# Task objective
Return an exact copy of the entries, skipping any picture you find.

--- START ---

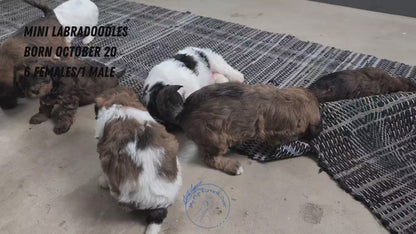 MINI LABRADOODLE (OCT 20) FEMALES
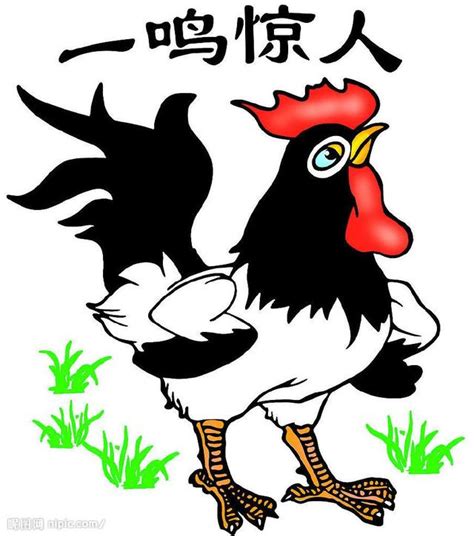 雞叫的時間|公雞為什麼會在早上打鳴？當然不是為了叫你起床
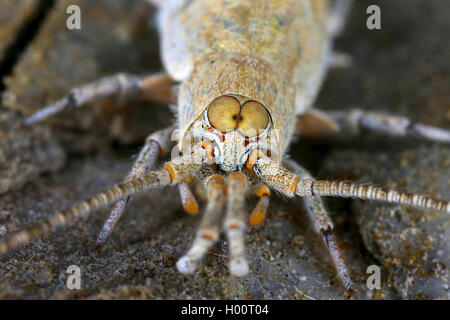 Jumping bristletail (albida Machilis), Ritratto, Austria Foto Stock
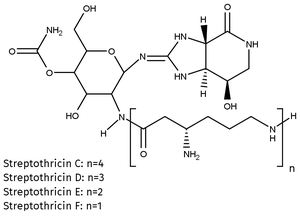 Nourseothricin – Solution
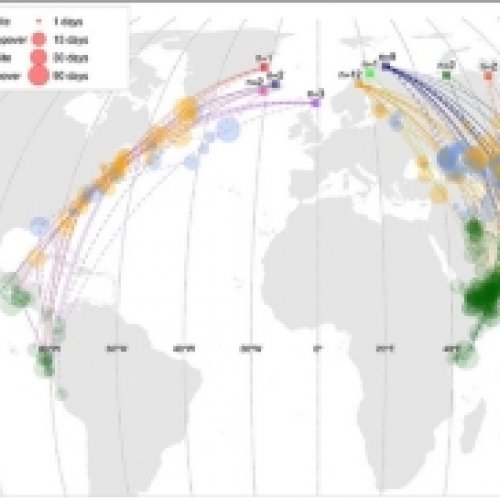 Un estudio describe la división migratoria hacia el océano Pacífico y el mar de Arabia en las poblaciones de falaopo picofino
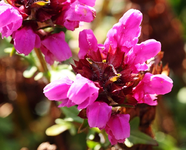Braunelle Rosenkugel_640.webp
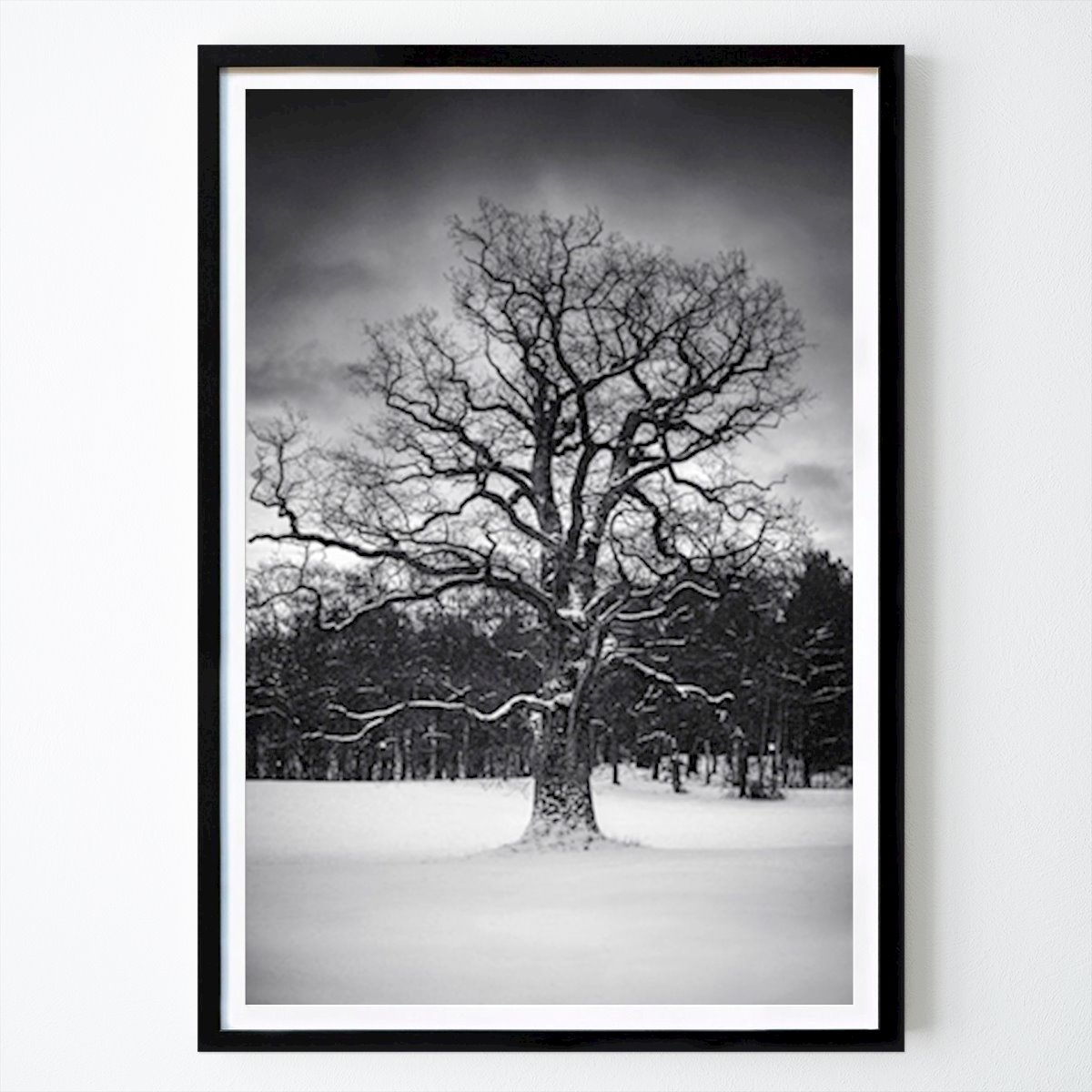 Stockholm Poster: Eik van Carl Jansson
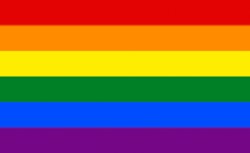 LGBTQ Flag Meme Template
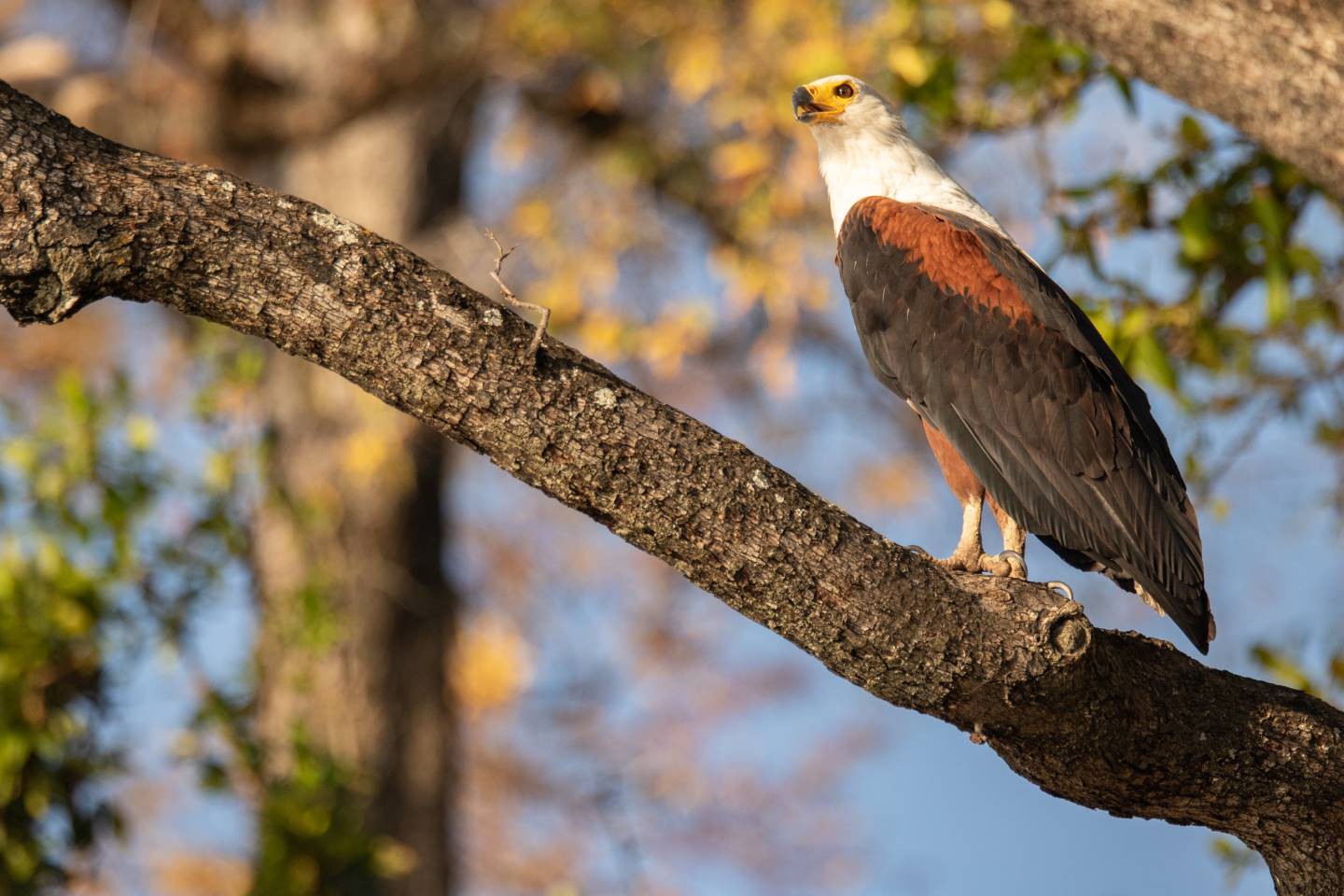 Afbeelding van Fish Eagle Chobe Bushwaysafari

--- END ---

# Task output
 MINI LABRADOODLE (OCT 20) FEMALES
 雞叫的時間|公雞為什麼會在早上打鳴？當然不是為了叫你起床
 Jumping bristletail (albida Machilis), Ritratto, Austria Foto Stock
 Nourseothricin – Solution
 Un estudio describe la división migratoria hacia el océano Pacífico y el mar de Arabia en las poblaciones de falaopo picofino
Braunelle Rosenkugel_640.webp
 Stockholm Poster: Eik van Carl Jansson
 LGBTQ Flag Meme Template
 Afbeelding van Fish Eagle Chobe Bushwaysafari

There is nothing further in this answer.